_Dataset excerpt_
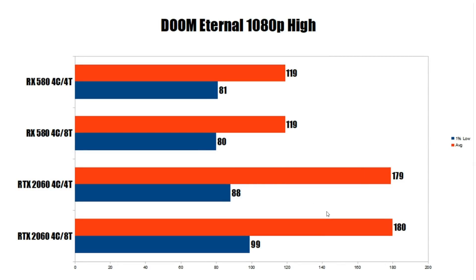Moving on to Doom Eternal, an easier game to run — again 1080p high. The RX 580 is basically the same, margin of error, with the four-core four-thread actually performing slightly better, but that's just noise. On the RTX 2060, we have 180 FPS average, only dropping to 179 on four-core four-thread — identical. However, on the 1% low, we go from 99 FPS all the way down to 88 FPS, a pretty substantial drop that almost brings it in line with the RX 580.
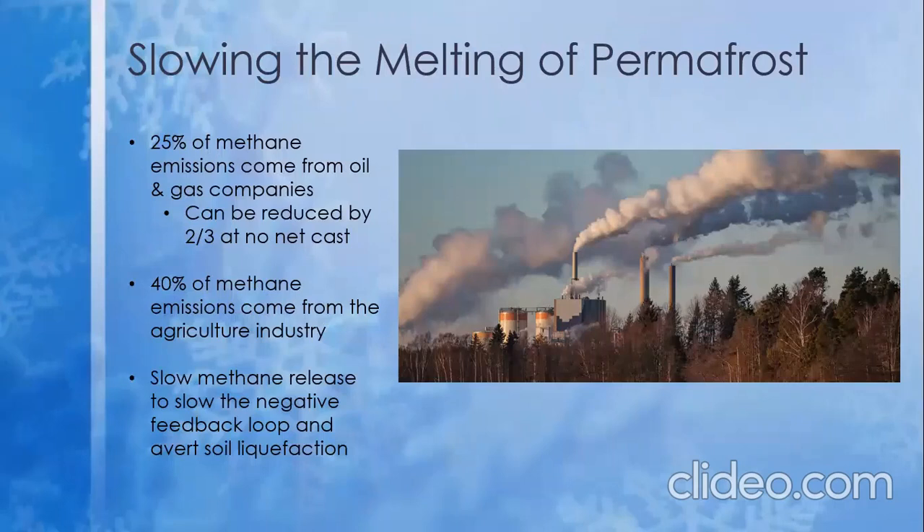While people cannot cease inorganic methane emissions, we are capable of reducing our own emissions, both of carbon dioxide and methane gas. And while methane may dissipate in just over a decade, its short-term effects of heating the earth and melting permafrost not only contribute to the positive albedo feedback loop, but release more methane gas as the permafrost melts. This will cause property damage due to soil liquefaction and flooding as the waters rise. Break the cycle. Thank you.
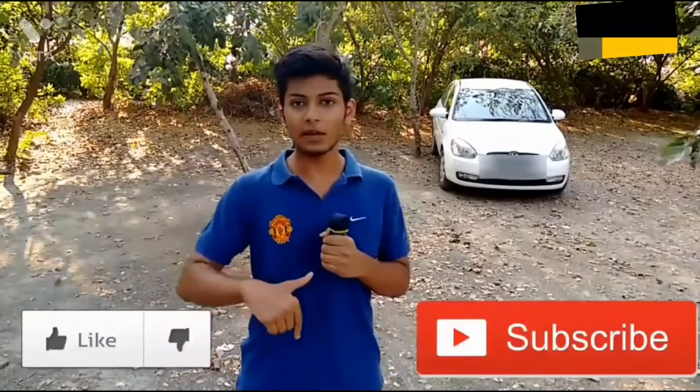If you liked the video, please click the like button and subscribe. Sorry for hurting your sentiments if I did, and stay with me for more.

_Task to complete_
Copy the data character for character, but drop all pictures from the copy.

_Task output_
Moving on to Doom Eternal, an easier game to run — again 1080p high. The RX 580 is basically the same, margin of error, with the four-core four-thread actually performing slightly better, but that's just noise. On the RTX 2060, we have 180 FPS average, only dropping to 179 on four-core four-thread — identical. However, on the 1% low, we go from 99 FPS all the way down to 88 FPS, a pretty substantial drop that almost brings it in line with the RX 580.
While people cannot cease inorganic methane emissions, we are capable of reducing our own emissions, both of carbon dioxide and methane gas. And while methane may dissipate in just over a decade, its short-term effects of heating the earth and melting permafrost not only contribute to the positive albedo feedback loop, but release more methane gas as the permafrost melts. This will cause property damage due to soil liquefaction and flooding as the waters rise. Break the cycle. Thank you.
If you liked the video, please click the like button and subscribe. Sorry for hurting your sentiments if I did, and stay with me for more.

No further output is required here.